Meglio di così non poteva andare, rifletto, e sorrido.

Ora spero solamente che anche i genitori di Martina reagiscano come hanno fatto i miei.

<<Starai a casa di un amico, vero?>> mi chiede mamma, un attimo prima di lasciare la cucina.

<<Veramente pensavamo di stare in hotel>> le rispondo, sperando che le vada bene lo stesso.

<<Visto che è la prima volta che viaggi da sola, direi che è meglio che alloggi da un amico, non si sa mai cosa potrebbe succedere.>>

Oh, no.

E ora che mi invento?

<<Non conosco nessuno che ha una seconda casa all'estero>> mento.

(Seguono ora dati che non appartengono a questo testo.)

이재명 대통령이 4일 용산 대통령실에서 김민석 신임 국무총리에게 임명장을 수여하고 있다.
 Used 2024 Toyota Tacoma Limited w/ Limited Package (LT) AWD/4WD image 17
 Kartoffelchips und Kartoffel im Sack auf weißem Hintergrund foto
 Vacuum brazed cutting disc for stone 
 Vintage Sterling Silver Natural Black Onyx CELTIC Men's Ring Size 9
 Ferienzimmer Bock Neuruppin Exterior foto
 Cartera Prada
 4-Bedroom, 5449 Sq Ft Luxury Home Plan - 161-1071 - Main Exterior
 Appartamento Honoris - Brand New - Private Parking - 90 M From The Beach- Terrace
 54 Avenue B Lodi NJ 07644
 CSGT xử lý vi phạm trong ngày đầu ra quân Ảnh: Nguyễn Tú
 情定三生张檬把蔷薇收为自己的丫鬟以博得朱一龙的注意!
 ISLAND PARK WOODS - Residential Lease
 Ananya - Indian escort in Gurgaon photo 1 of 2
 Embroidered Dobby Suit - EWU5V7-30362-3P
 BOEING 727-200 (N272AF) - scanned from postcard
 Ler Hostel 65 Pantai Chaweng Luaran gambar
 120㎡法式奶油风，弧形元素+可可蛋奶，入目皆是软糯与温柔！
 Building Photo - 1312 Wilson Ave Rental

<<Vorrà dire che non andrai da nessuna parte.>>

Cosa? No!

Mi toccherà davvero chiedere a Roberto di ospitarmi...

Che scatole.

Però sempre meglio di niente.

<<Ora che ci penso, in effetti, una persona ci sarebbe. Ma la sua seconda proprietà si trova a Milano>> le dico.

<<Non ti piacerebbe andarci? È un posto bellissimo!>> esclama mamma, e mi viene da sorridere.

<<Vada per Milano?>> le domando.

Annuisce e mi abbraccia.

Speriamo che il giorno della partenza arrivi presto: non sto più nella pelle!